Categories
General

9Phone 9numbers

Well, today it happens – all phone numbers in my little part of the world, Melbourne, grow by a digit. A nine in front of every one. The government’s communications authority, Austel, claim it’s all to allow more phones, better services – all the usual stuff that Austel usually claim.

But is that the real reason? I’ve uncovered a plot by major telephone manufacturers to lobby to have phone numbers made longer, so that the buttons on their phones wear out sooner, and have to be replaced. If the average family makes two calls a day, and instead of dialling a 7 digit local number, dials 8 digits, that’s 730 extra buttons pressed on that family’s phone in one year. And they’re almost all "9". Will our telephones stand up to that sort of treatment? Time will tell.
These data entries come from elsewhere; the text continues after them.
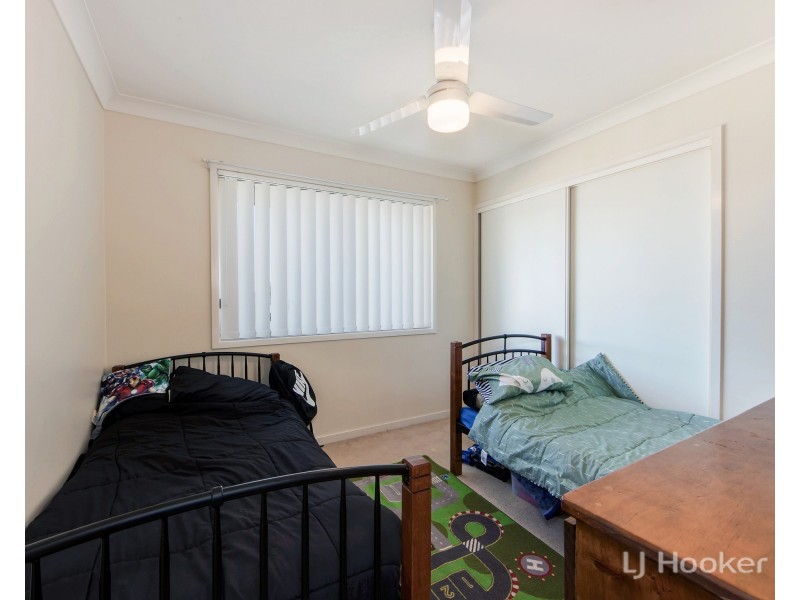 5 Siding Crt, Rosewood QLD 4340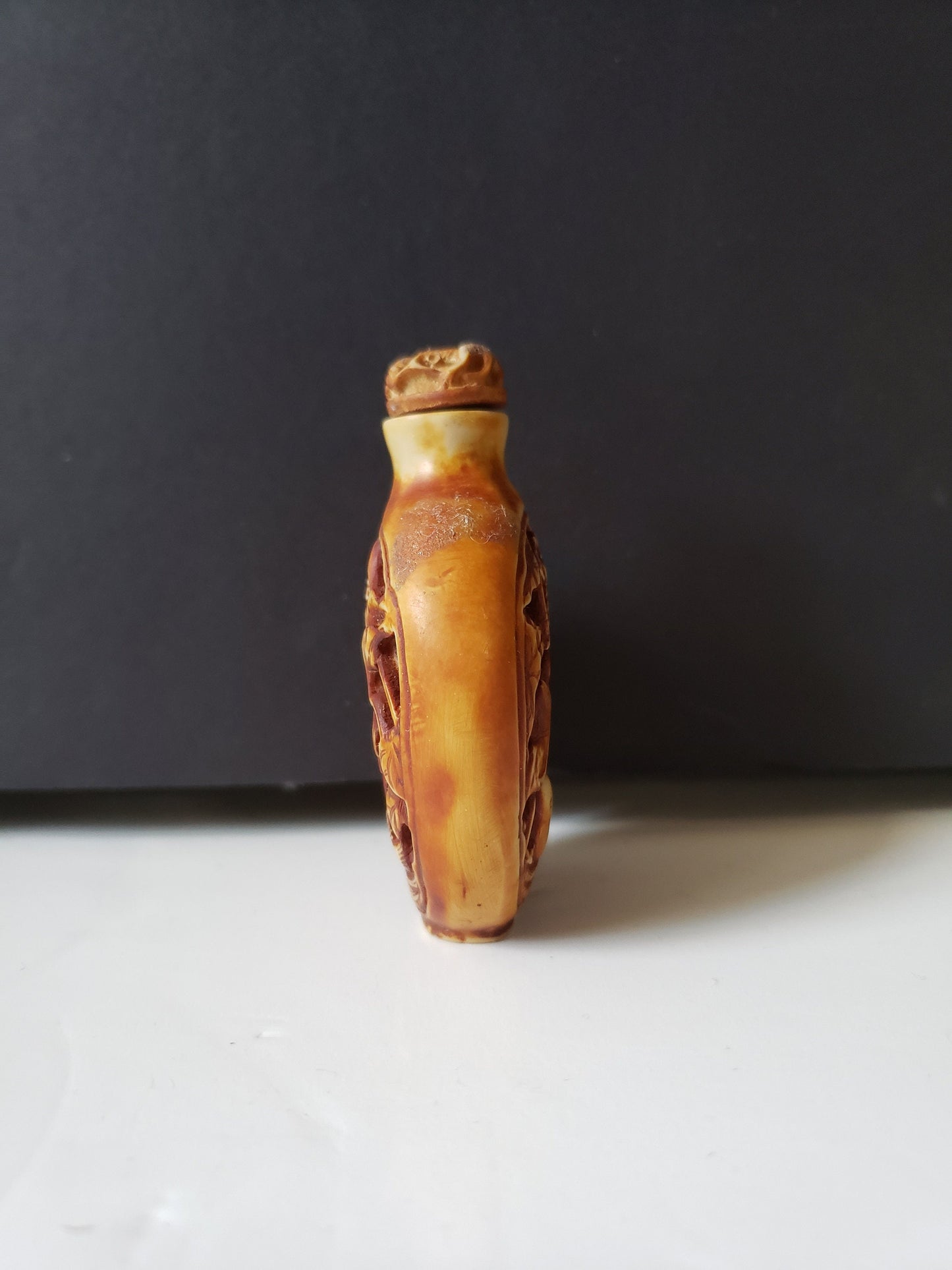 Chinese Resin Snuff Bottle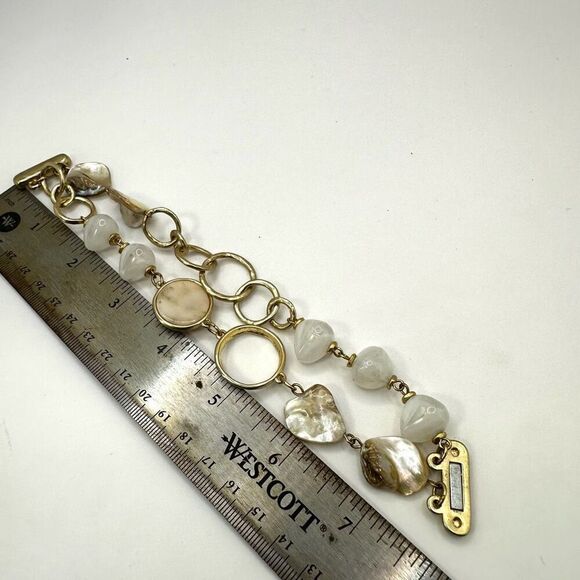 Abalone and white beaded double strand gold tone bracelet - Picture 8 of 8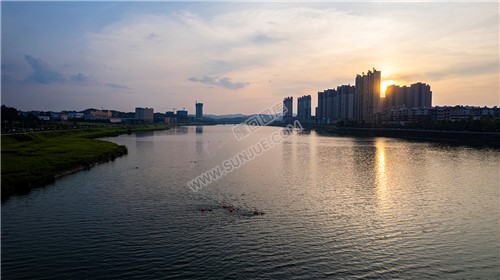 隆回夕阳，赧水河畔的县城风景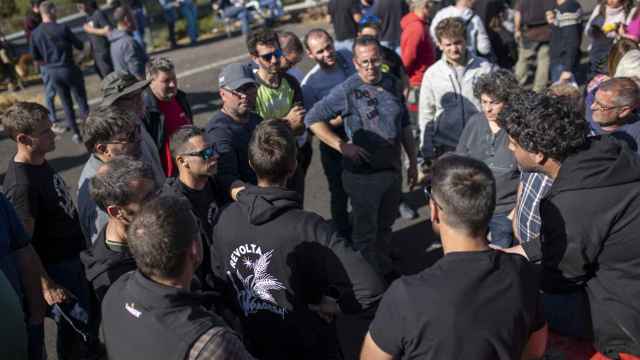 Asamblea de agricultores en la AP-7 en Pontós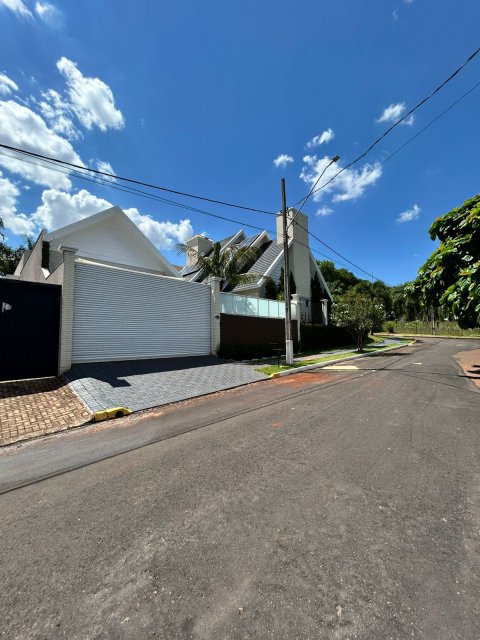Casa Maravilhosa 198,63 m² - Lot. Ilha Verde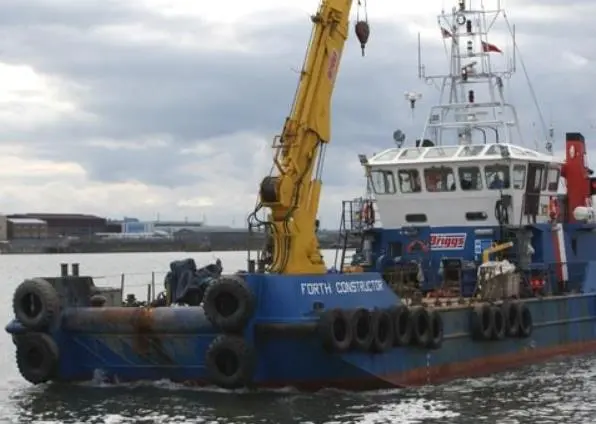 Briggs Marine Multicat 'Forth Constructor'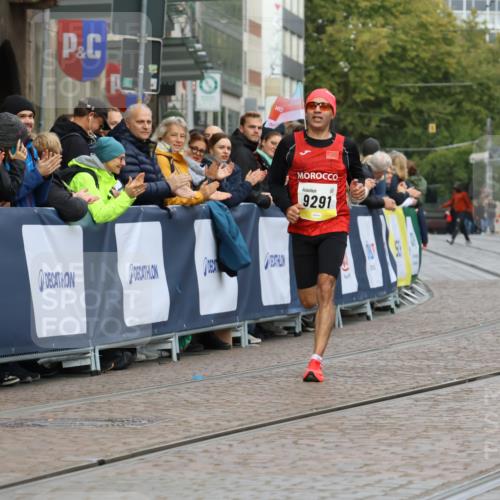 05.10.2025 - 20. swb-Marathon Bremen Strokosch-Dieckow http://msf.ph/oto/9219622 05.10.2025 10:31:44 Ziel 9291 meine-sportfotos.de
I don’t really mind, actually. I just think it’s a shame that our home phone number, which at the moment is nearly symmetrical, and very easy to remember, will have these qualities shattered by adding a 9. Oh well. At least it’s given me a chance to make a new answering machine message. And maybe we’ll stop getting calls for the video rental place.

By Daniel Bowen

Transport blogger / campaigner and spokesperson for the Public Transport Users Association / professional geek.
Bunurong land, Melbourne, Australia.
Opinions on this blog are all mine.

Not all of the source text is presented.